=== Action item ===
Down to the last line, restate the records word for word, but not the pictures.

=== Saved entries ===
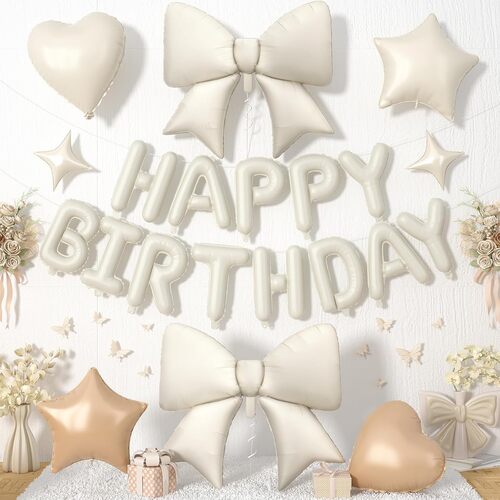 나비 매듭 풍선 생일 세트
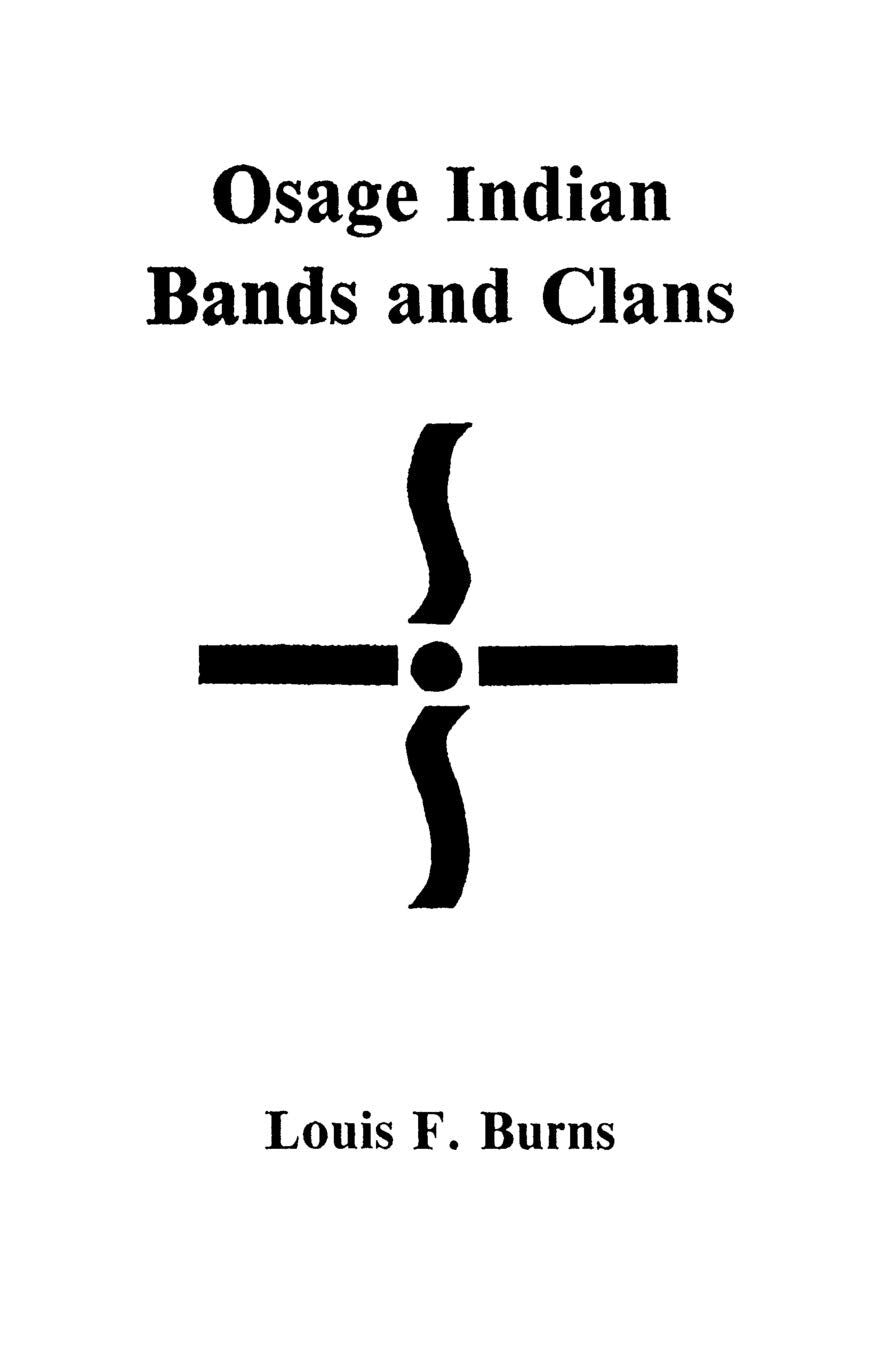 Osage Indian Bands And Clans (#9419),Used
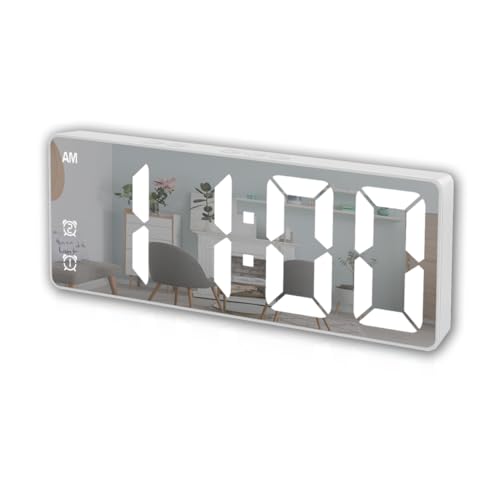 Königswerk Small Digital Alarm Clock, Mirror Surface LED Electronic Clocks with Large Display, Adjustable Brightness and Snooze Model for Bedroom, Desk, Office, White Digit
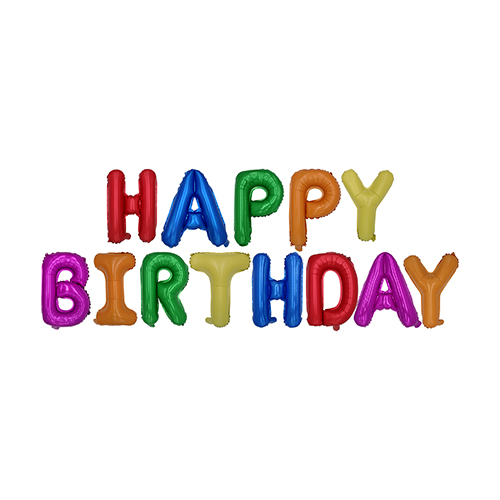 12 x Folienluftballon-Set farbig sortiert "Happy Birthday"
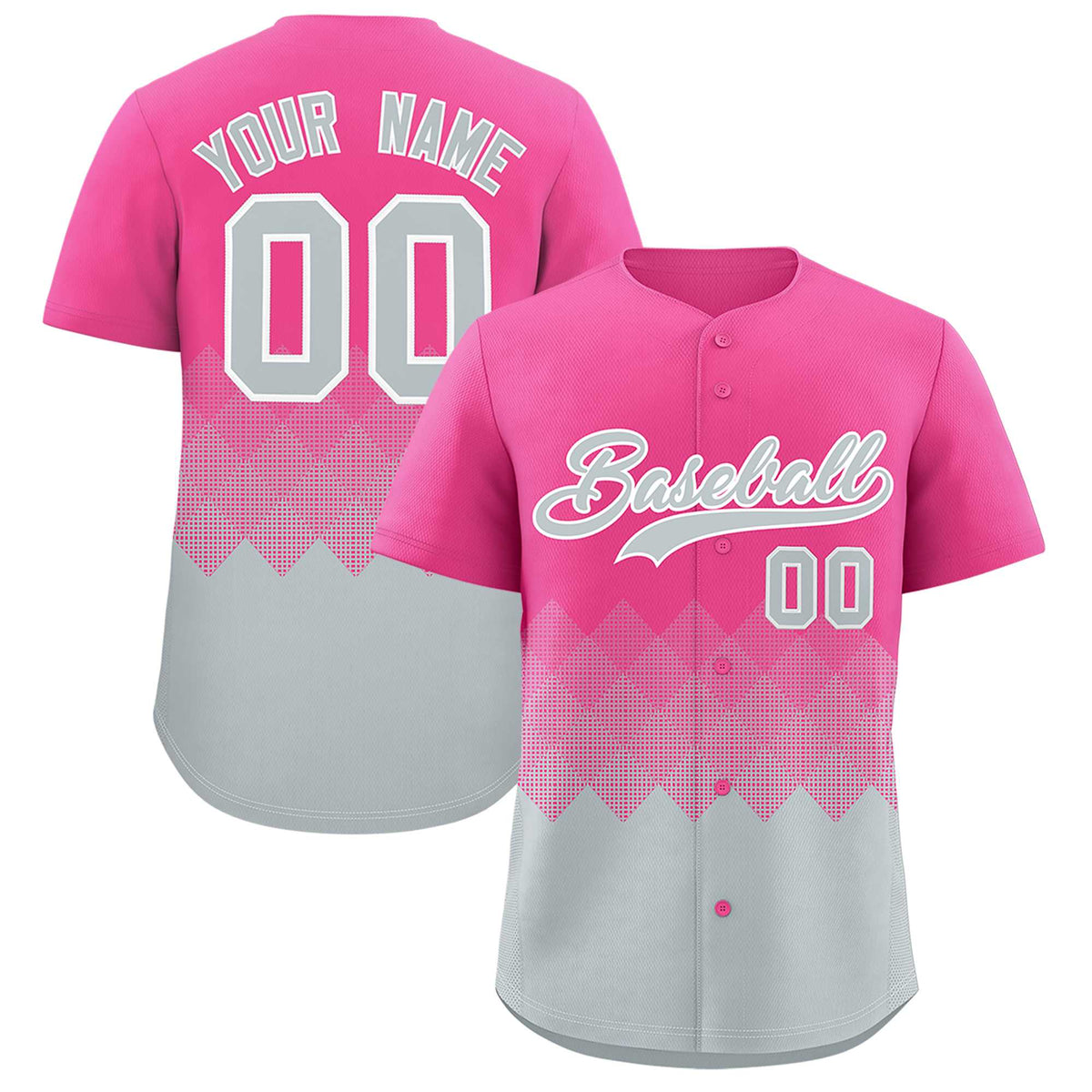 Custom Pink Silver Grid Blur Pattern Authentic Baseball Jersey| KXKSHOP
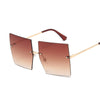 Women Vintage Rimless Oversized Gradient Square Sunglasses freeshipping - Tyche Ace
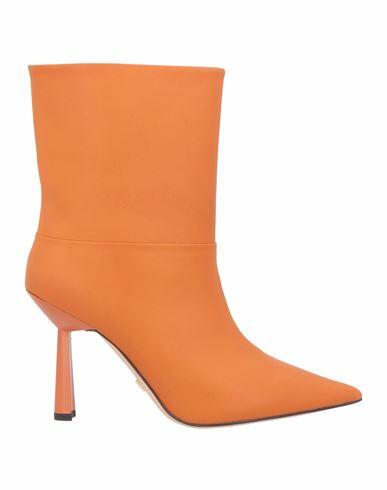 Lola Cruz Woman Ankle boots Orange Soft Leather Cover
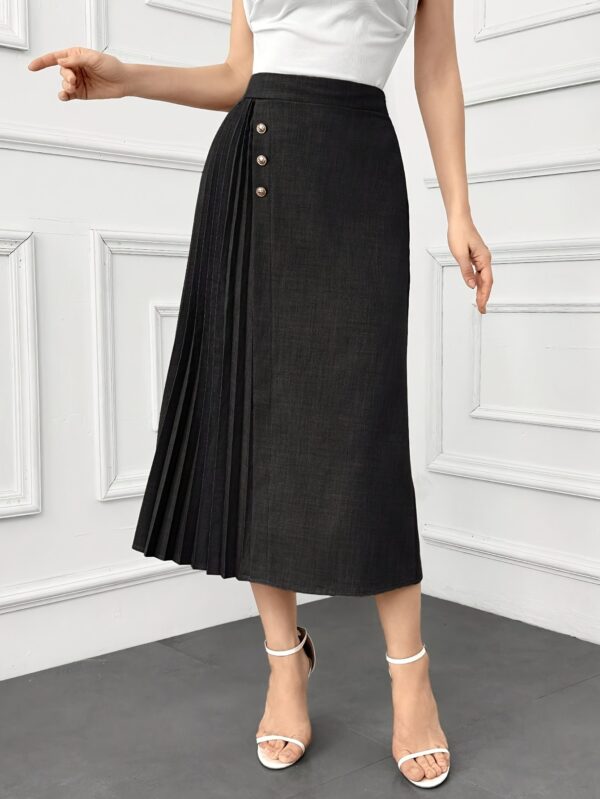 Elegant Dark Blue Pleated Midi Skirt with Front Button Detail - High-Waisted, Non-Stretch Polyester Blend for Women - Perfect for Spring & Summer Office or Casual Wear, Spring Attire | Highwaisted Skirt | Smooth Appearance - Image 8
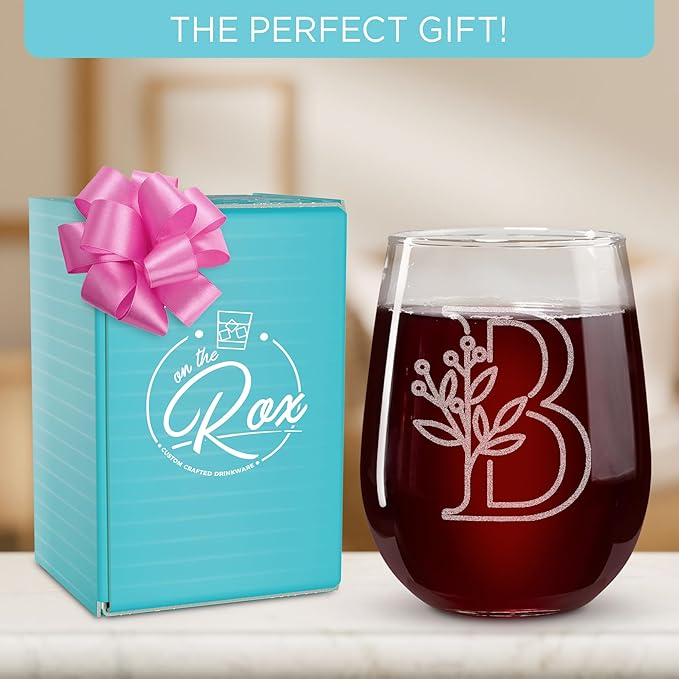 On The Rox Drinks Monogrammed Gifts For Women and Men - Letter A-Z Initial Engraved Monogram Stemless Wine Glass - 17 Oz Personalized Wine Gifts For Women and Men (B)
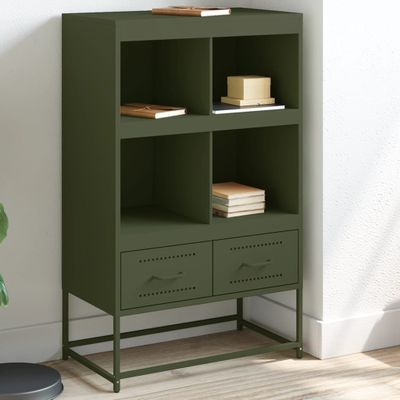 vidaXL Vysoká skrinka olivovozelená 68x39x111,5 cm oceľ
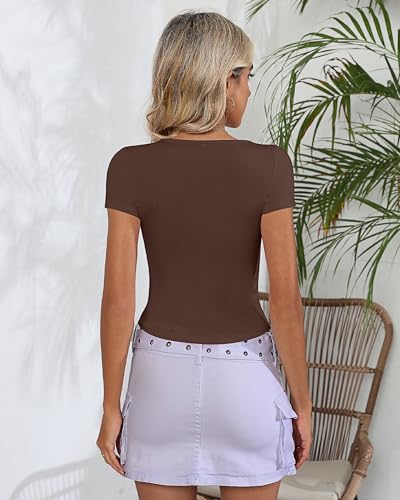 Riyiper 3 Pcs Women's Short Sleeve Crop Tops, Boat Neck Slim Fitted Cropped Shirts Workout Basic Tops (Black, White, Brown,Small) - Image 4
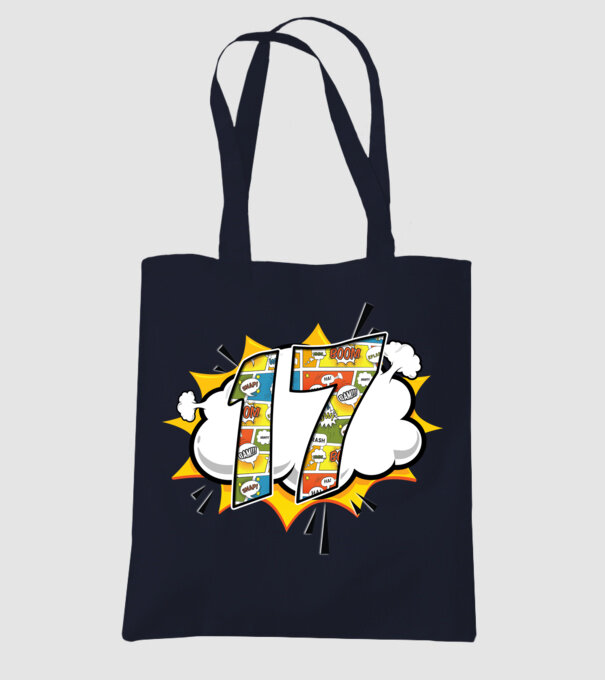 Birthday Comic Number 17 model albastru închis pe tricou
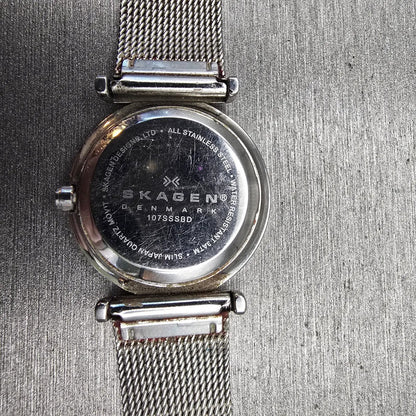 Skagen Denmark Steel Watch Women 25mm Black Dial Silver Tone 107SSSBD New Batt10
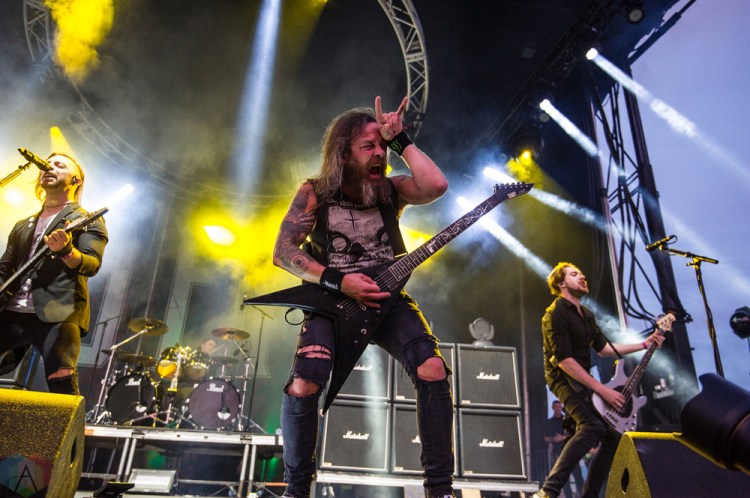 Bullet For My Valentine performs at Montebello Rockfest in Montebello, Quebec on June 23, 2017. (Photo: Greg Matthews/Aesthetic Magazine)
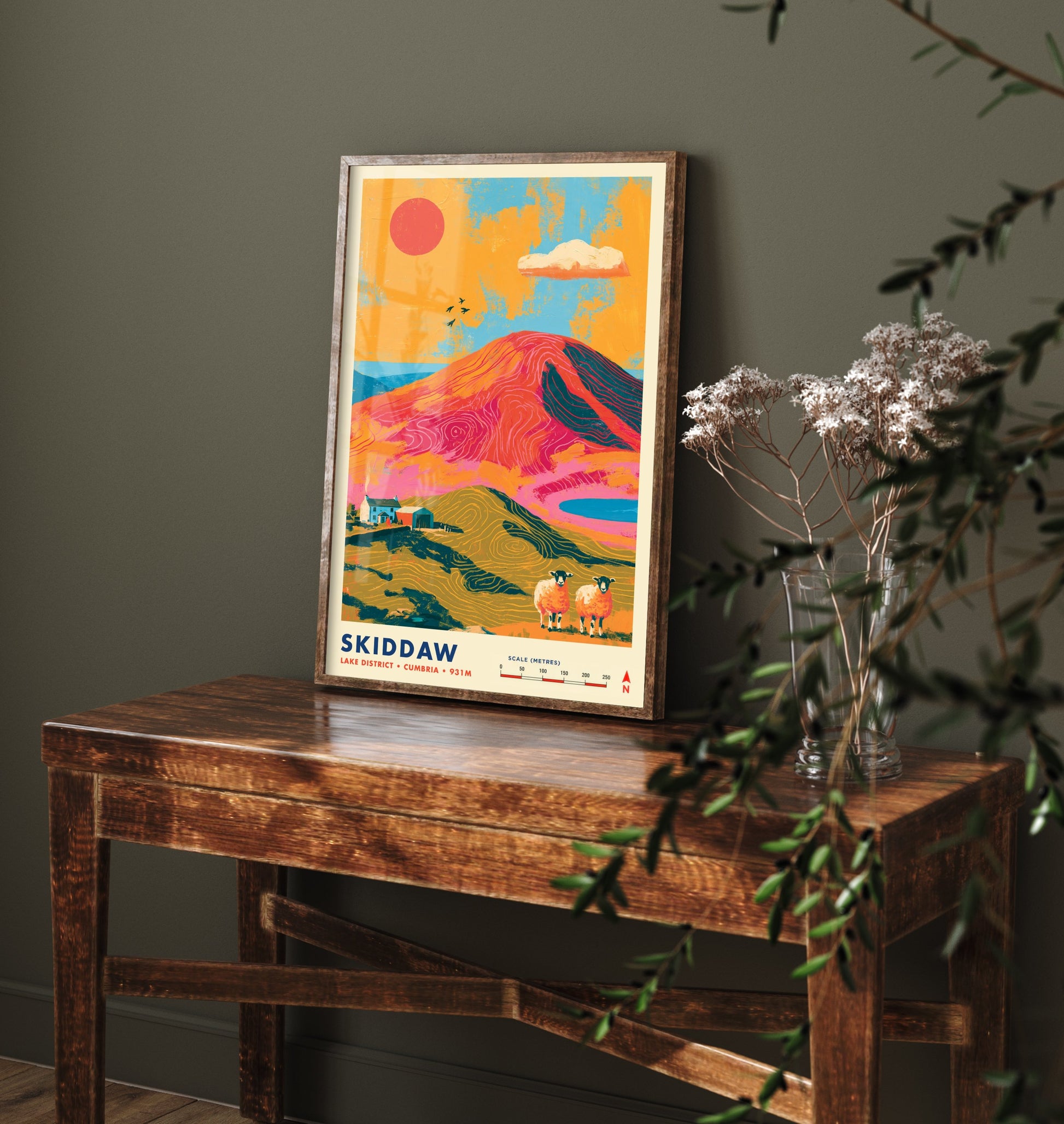 Skiddaw Lake District Travel Poster - Cumbria Art Print - Vibrant Mountain Illustration - Lakeland Fell Hike 2/3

=== Solution ===
 나비 매듭 풍선 생일 세트
 Osage Indian Bands And Clans (#9419),Used
 Königswerk Small Digital Alarm Clock, Mirror Surface LED Electronic Clocks with Large Display, Adjustable Brightness and Snooze Model for Bedroom, Desk, Office, White Digit
 12 x Folienluftballon-Set farbig sortiert "Happy Birthday"
 Custom Pink Silver Grid Blur Pattern Authentic Baseball Jersey| KXKSHOP
 Women Vintage Rimless Oversized Gradient Square Sunglasses freeshipping - Tyche Ace
 Lola Cruz Woman Ankle boots Orange Soft Leather Cover
 Elegant Dark Blue Pleated Midi Skirt with Front Button Detail - High-Waisted, Non-Stretch Polyester Blend for Women - Perfect for Spring & Summer Office or Casual Wear, Spring Attire | Highwaisted Skirt | Smooth Appearance - Image 8
 On The Rox Drinks Monogrammed Gifts For Women and Men - Letter A-Z Initial Engraved Monogram Stemless Wine Glass - 17 Oz Personalized Wine Gifts For Women and Men (B)
 vidaXL Vysoká skrinka olivovozelená 68x39x111,5 cm oceľ
 Riyiper 3 Pcs Women's Short Sleeve Crop Tops, Boat Neck Slim Fitted Cropped Shirts Workout Basic Tops (Black, White, Brown,Small) - Image 4
 Birthday Comic Number 17 model albastru închis pe tricou
 Skagen Denmark Steel Watch Women 25mm Black Dial Silver Tone 107SSSBD New Batt10
 Bullet For My Valentine performs at Montebello Rockfest in Montebello, Quebec on June 23, 2017. (Photo: Greg Matthews/Aesthetic Magazine)
 Skiddaw Lake District Travel Poster - Cumbria Art Print - Vibrant Mountain Illustration - Lakeland Fell Hike 2/3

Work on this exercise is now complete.